- [Records drawn from a dataset]:
··········

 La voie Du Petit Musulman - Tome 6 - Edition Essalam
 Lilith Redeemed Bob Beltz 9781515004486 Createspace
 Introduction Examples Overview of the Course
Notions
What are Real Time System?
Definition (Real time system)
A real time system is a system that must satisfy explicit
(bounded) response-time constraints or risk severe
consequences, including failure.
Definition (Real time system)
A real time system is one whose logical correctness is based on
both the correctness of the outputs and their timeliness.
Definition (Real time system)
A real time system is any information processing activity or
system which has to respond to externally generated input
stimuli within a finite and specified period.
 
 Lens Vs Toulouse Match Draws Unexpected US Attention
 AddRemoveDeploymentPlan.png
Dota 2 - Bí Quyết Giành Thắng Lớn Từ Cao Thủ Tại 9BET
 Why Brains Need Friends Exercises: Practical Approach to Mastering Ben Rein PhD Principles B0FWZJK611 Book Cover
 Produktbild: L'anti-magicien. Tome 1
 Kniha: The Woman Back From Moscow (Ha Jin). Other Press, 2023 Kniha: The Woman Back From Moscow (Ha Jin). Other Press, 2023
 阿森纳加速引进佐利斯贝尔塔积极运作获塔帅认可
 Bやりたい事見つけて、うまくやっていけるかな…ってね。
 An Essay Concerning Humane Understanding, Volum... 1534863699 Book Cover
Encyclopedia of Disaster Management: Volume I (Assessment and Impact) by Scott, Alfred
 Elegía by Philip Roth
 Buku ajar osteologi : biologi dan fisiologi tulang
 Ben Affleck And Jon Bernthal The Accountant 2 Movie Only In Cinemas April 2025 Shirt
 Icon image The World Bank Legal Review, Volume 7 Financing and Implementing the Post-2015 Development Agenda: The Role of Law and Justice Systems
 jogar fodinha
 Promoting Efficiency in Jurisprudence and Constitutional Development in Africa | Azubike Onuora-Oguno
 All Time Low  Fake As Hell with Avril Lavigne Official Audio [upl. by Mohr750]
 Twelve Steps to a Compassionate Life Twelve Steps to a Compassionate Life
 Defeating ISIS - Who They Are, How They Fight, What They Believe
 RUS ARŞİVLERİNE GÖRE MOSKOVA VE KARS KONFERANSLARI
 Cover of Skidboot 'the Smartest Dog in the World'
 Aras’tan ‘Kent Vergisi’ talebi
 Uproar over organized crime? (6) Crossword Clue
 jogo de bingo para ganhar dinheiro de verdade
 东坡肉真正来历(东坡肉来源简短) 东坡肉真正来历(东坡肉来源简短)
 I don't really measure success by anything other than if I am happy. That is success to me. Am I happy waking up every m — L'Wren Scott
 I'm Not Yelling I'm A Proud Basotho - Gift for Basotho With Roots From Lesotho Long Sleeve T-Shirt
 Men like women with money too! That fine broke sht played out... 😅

··········

Work through the records line by line and tally those holding "Cover". Reply with the number alone.

3